Work to complete = Output each entry below as it stands, leaving out every picture.

── Exercise input

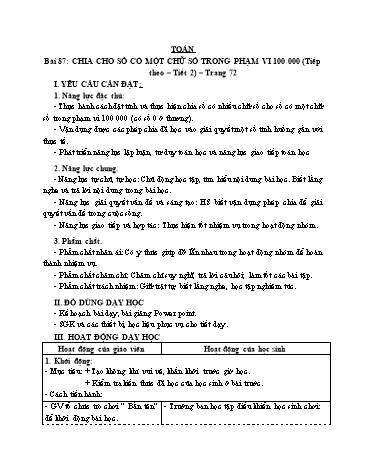 Giáo án Toán Lớp 3 (Cánh diều) - Tuần 28, Bài 87: Chia cho số có một chữ số trong phạm vi 100 000 (Tiếp theo) (Tiết 2)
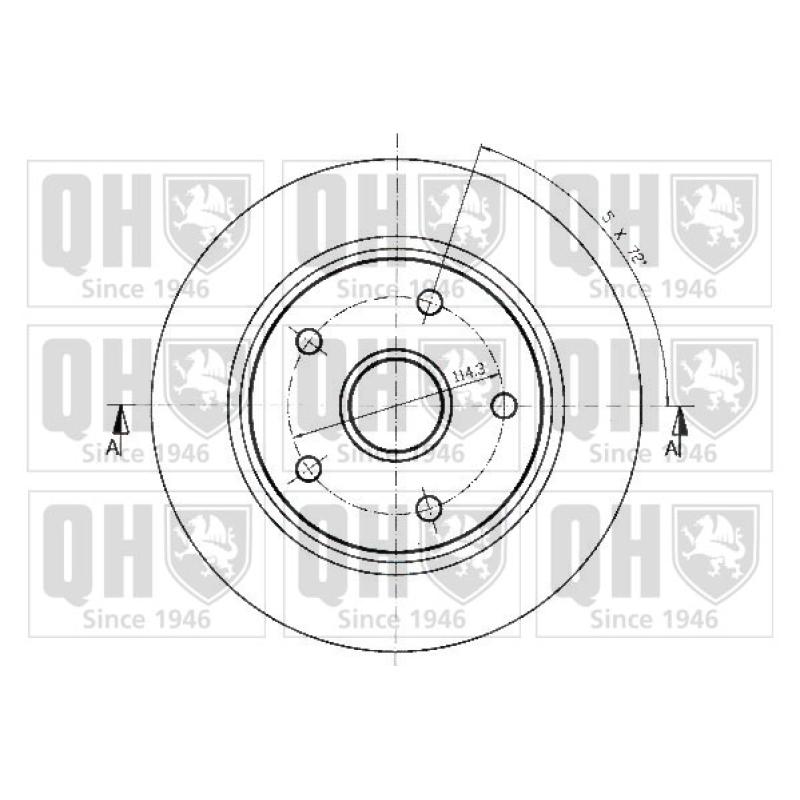 Jeu de 2 disques de frein arrière QUINTON HAZELL BDC3734 - Visuel 1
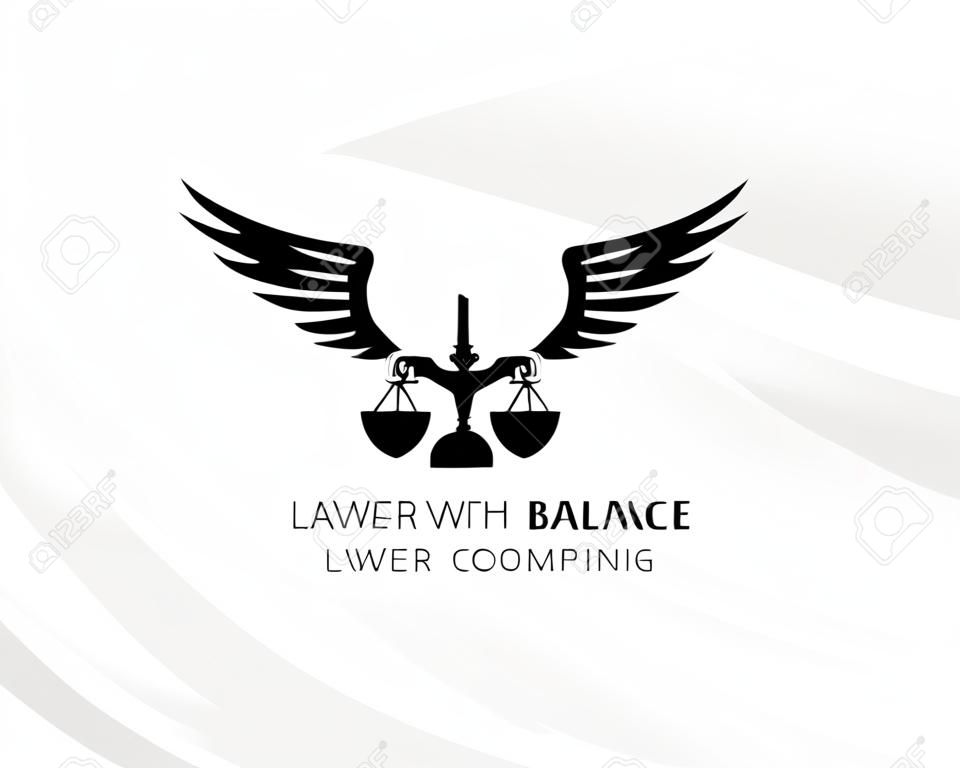 Águila con equilibrio Plantilla de logotipo de firma de abogados. Concepto para firmas legales, notarías o compañías de justicia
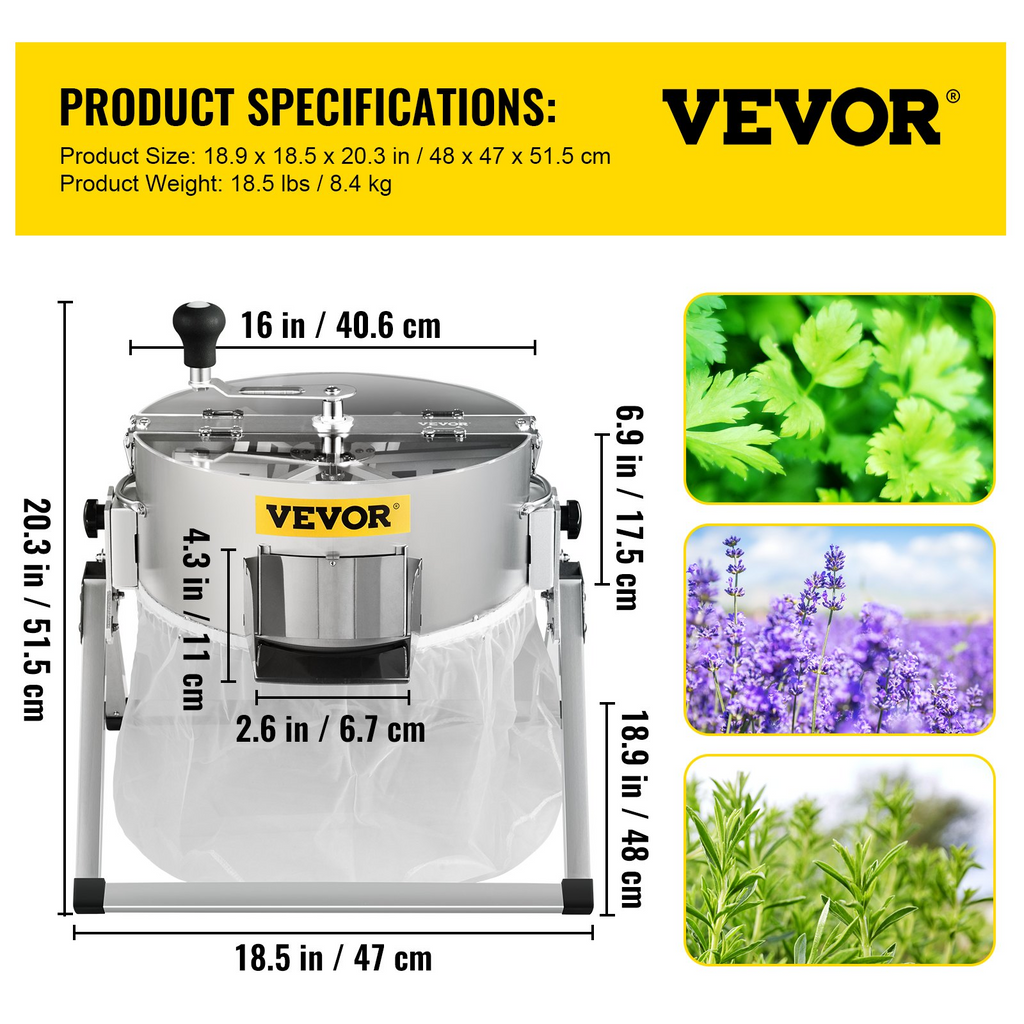 VEVOR Cortadora de hojas y cogollos manual de 16 pulgadas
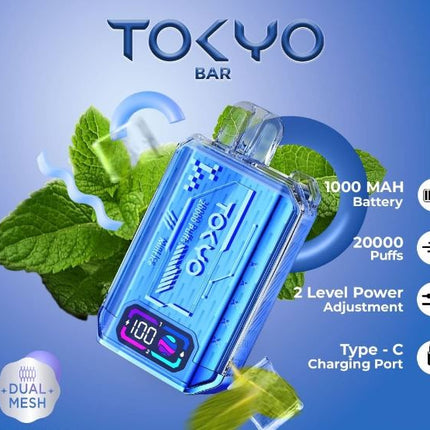 Tokyo Bar Rechargeable Disposable Vape (20,000 Puffs)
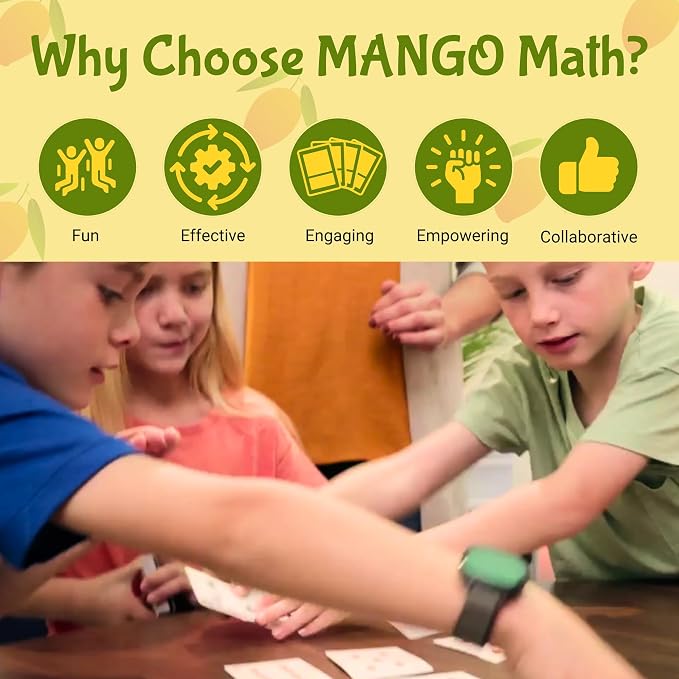 MANGO Math - Playing Cards - Educational Card Game Set of 6 Decks - Fun Learning Cards for Kids - Classroom Activities - Homeschool Activities - Elementary School Teaching Materials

────

Your solution =
 Giáo án Toán Lớp 3 (Cánh diều) - Tuần 28, Bài 87: Chia cho số có một chữ số trong phạm vi 100 000 (Tiếp theo) (Tiết 2)
 Jeu de 2 disques de frein arrière QUINTON HAZELL BDC3734 - Visuel 1
 Águila con equilibrio Plantilla de logotipo de firma de abogados. Concepto para firmas legales, notarías o compañías de justicia
 VEVOR Cortadora de hojas y cogollos manual de 16 pulgadas
 Tokyo Bar Rechargeable Disposable Vape (20,000 Puffs)
 MANGO Math - Playing Cards - Educational Card Game Set of 6 Decks - Fun Learning Cards for Kids - Classroom Activities - Homeschool Activities - Elementary School Teaching Materials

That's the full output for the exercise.